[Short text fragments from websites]
***

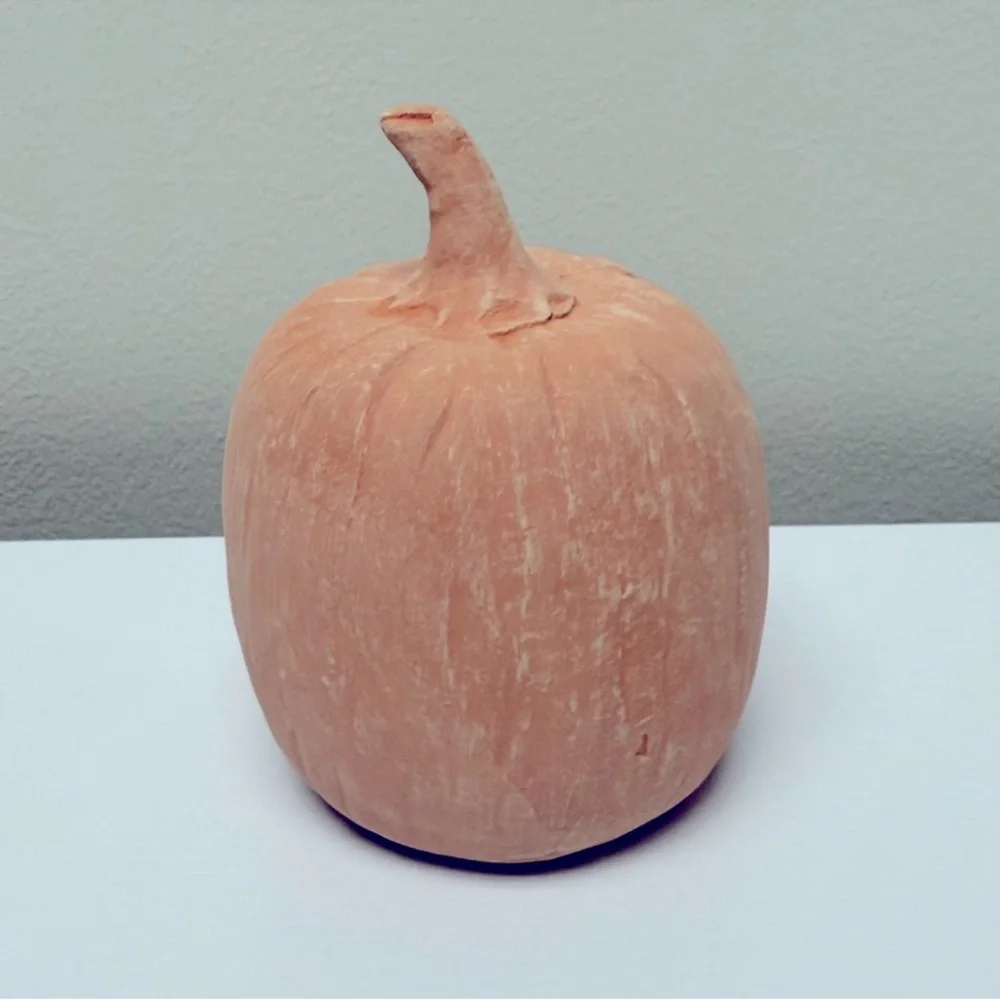 Target Bullseye Playground Fall Thanksgiving 4” Orange Terracotta Pumpkin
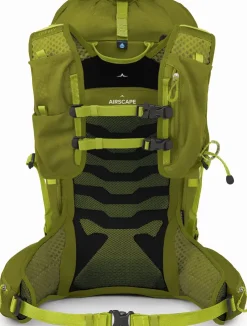 Osprey Talon Velocity 30 Rucksack - Matcha Green-Lemongrass Sale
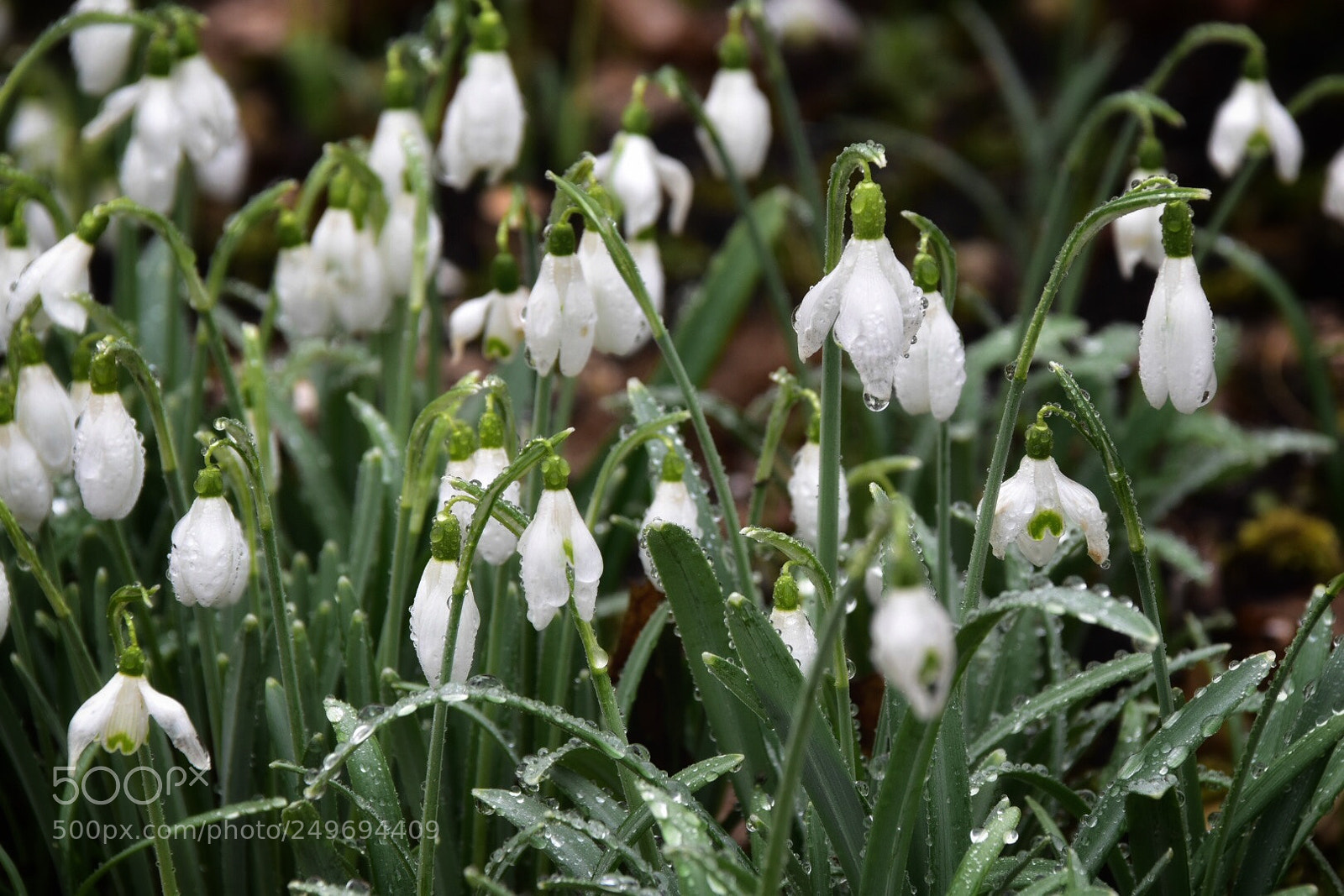 Nikon D5500 sample photo. Spring❤️ photography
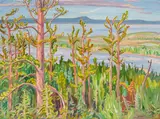 Jack Pine by A. Y. Jackson, oil on canvas, sold Nov 2023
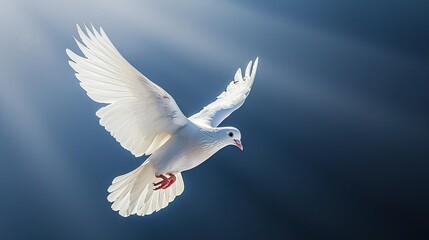 Visualize the ethereal elegance of a white dove gracefully soaring in sunlight against a backdrop of a dark blue sky.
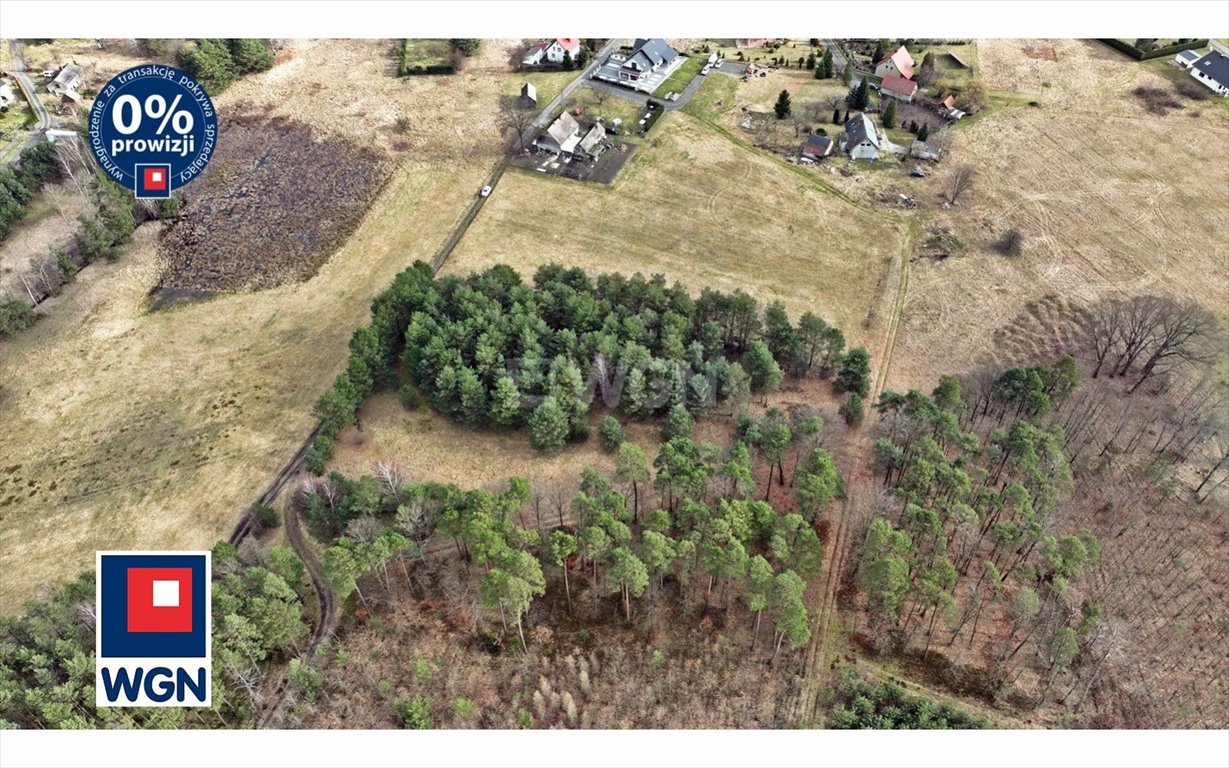 Działka budowlana na sprzedaż Osiecznica, Bukowa  6 900m2 Foto 6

***

*YOUR TASK:* What is the exact wording of the lines from the one bearing "Jack Pine by" through the final line of the records above? Write it out without the pictures.

*RESPONSE TO THE EXERCISE:*
 Jack Pine by A. Y. Jackson, oil on canvas, sold Nov 2023
 Visualize the ethereal elegance of a white dove gracefully soaring in sunlight against a backdrop of a dark blue sky.
 Działka budowlana na sprzedaż Osiecznica, Bukowa  6 900m2 Foto 6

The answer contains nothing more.